**Problem description:** Note the line containing "[Green | Tinted]"; from it through the last line below, give only those lines again, exactly, both ends included, skipping pictures.

(Brief descriptive captions)

◇ ◇ ◇ ◇ ◇

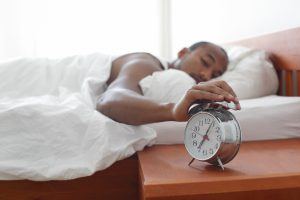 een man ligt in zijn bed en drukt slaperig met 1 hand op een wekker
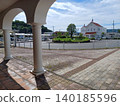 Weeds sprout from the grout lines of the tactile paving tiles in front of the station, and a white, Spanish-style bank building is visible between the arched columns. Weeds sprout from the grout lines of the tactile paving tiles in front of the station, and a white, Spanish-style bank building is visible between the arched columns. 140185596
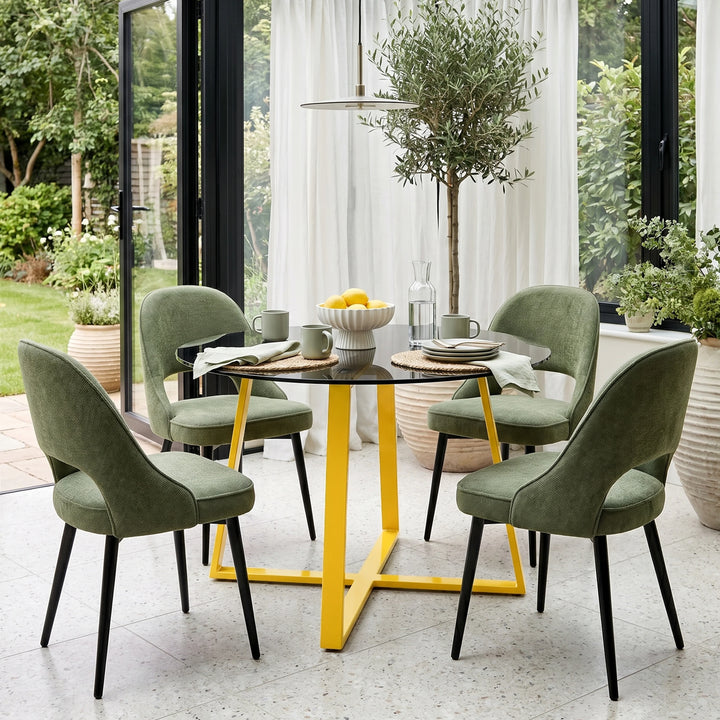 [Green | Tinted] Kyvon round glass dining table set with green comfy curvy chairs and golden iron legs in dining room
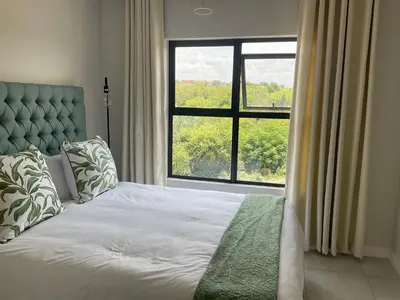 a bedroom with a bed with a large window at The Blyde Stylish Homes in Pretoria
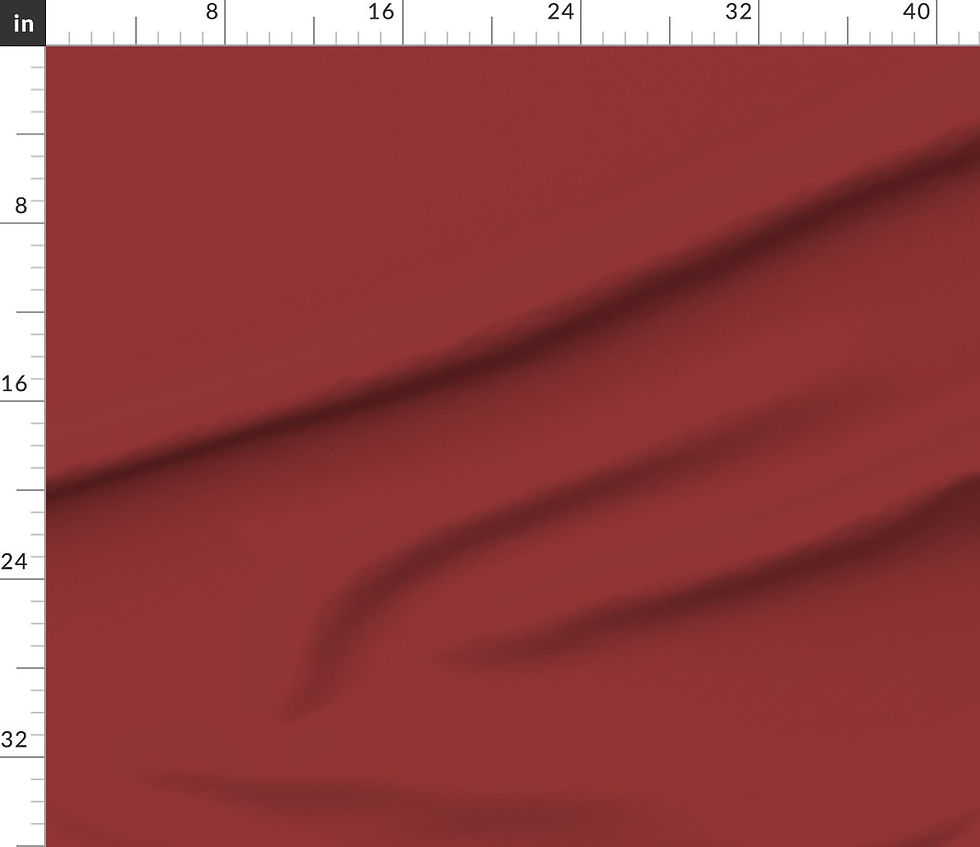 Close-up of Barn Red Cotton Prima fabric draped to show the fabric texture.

◇ ◇ ◇ ◇ ◇

**Task answer:**
 [Green | Tinted] Kyvon round glass dining table set with green comfy curvy chairs and golden iron legs in dining room
 a bedroom with a bed with a large window at The Blyde Stylish Homes in Pretoria
 Close-up of Barn Red Cotton Prima fabric draped to show the fabric texture.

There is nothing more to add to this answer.